- Opening Delimiter -
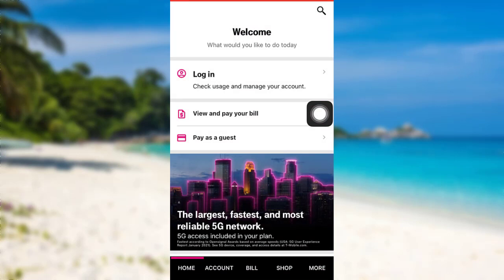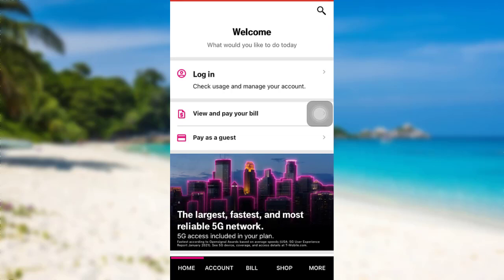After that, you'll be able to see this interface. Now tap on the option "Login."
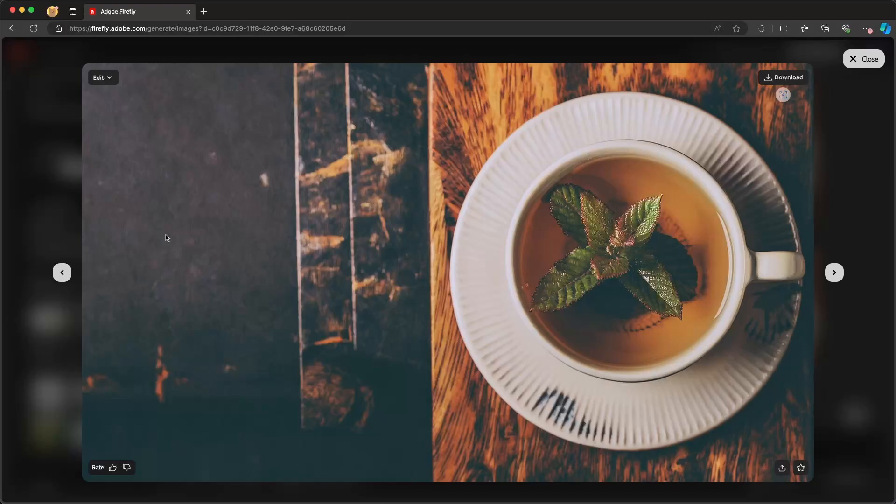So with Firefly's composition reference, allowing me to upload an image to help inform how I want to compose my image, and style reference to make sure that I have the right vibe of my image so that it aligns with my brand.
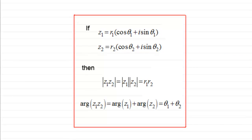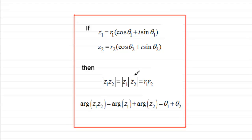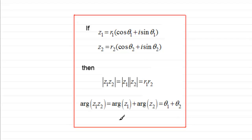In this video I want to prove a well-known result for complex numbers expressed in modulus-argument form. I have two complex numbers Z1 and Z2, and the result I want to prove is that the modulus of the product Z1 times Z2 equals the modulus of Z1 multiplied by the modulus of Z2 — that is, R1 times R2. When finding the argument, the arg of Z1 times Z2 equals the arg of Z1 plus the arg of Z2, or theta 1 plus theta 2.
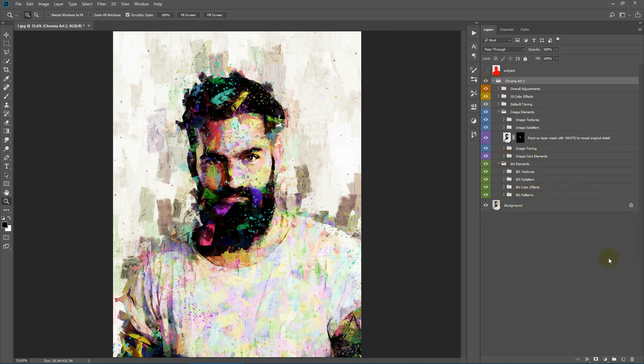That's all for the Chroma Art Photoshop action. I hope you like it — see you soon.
- Closing Delimiter -
- Opening Delimiter -
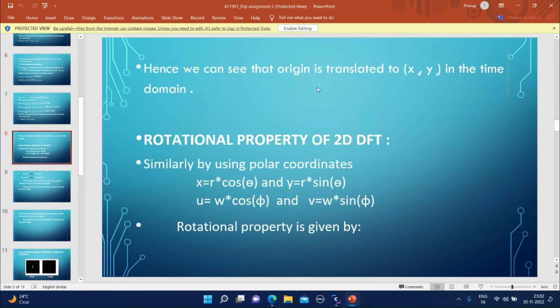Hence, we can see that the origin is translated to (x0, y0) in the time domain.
- Closing Delimiter -
§ **WHAT IS REQUIRED**
Leaving pictures out, output the lines of the data above from the one with "After that, you'll" through the one with "So with Firefly's", word for word.

§ **ANSWER TO THIS PROBLEM**
After that, you'll be able to see this interface. Now tap on the option "Login."
So with Firefly's composition reference, allowing me to upload an image to help inform how I want to compose my image, and style reference to make sure that I have the right vibe of my image so that it aligns with my brand.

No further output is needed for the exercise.